Cyber Incident Victim: Thrifty PayLess
Date:
Jul 2015
Location:
United States of America
Summary
A pharmacy chain's online photo service experienced a credit card data breach involving a third-party vendor managing the platform, prompting temporary shutdowns of affected websites. The vendor, PNI Digital Media, provided transactional software for multiple retailers, leading to similar investigations at Walmart Canada, Costco, Rite Aid, Tesco, and others. Compromised information potentially included customer names, addresses, phone numbers, email addresses, account passwords, and payment card details. The incident was isolated to online and mobile photo services, with no impact on in-store operations, pharmacy systems, or primary e-commerce platforms. Rite Aid clarified that PNI had limited access to its customers' credit card information compared to other clients. This breach followed prior security incidents linked to PNI's parent company.
| CIA Posture | Motives | Tactics, Techniques & Procedures |
|---|---|---|
| Available to members | 2 motives | 1 technique |
| Threat Actors | Type | Location |
|---|---|---|
| 0 actors | Available to members | Available to members |
Description
In July 2015, CVS temporarily shut down its CVSphoto.com online photo service after discovering potential credit card data compromise involving a third-party vendor. The breach notification appeared on CVSphoto.com's homepage, clarifying that only transactions processed through this independent vendor—not CVS.com or in-store pharmacy systems—were affected. This incident followed Walmart Canada's announcement days earlier regarding a similar breach investigation at its online photo store, which was also managed by a third party. Media reports identified PNI Digital Media as the common vendor behind both CVSphoto.com and Walmart Canada's photo services. PNI's investor relations page confirmed it provided transactional software platforms for multiple retailers including Costco, Walmart Canada, and CVS/pharmacy, facilitating personalized product sales through websites, mobile apps, and 19,000+ retail kiosks. Shortly after these revelations, PNI removed client references from its investor page and Wikipedia entry. Staples, which had acquired PNI in 2014, previously suffered a separate card breach affecting over one million customer accounts between April and September 2014.

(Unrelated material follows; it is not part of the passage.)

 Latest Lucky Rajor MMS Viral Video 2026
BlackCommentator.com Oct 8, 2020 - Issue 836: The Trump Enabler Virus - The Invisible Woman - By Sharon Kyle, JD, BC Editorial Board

The breach scope expanded as additional retailers using PNI's platform took precautionary measures. Costco disabled Costcophotocenter.com with a notice about the vendor security compromise, while Rite Aid confirmed PNI managed mywayphotos.riteaid.com and warned that potentially compromised data included names, addresses, phone numbers, email addresses, account passwords, and credit card information—though Rite Aid clarified PNI didn't process its credit card data directly. Tesco's photo site displayed maintenance messages, and industry analysts suggested Sam's Club and Walgreens might face similar issues. All affected retailers emphasized that core e-commerce platforms and physical store operations remained unaffected. CVS, Costco, and Rite Aid maintained temporary shutdowns of their photo services during investigations, with Rite Aid specifically noting no customer reports of actual fraud at the time of disclosure. The incident highlighted systemic risks in third-party vendor relationships, particularly given PNI's central role in processing transactions for multiple national retail chains through a unified digital platform.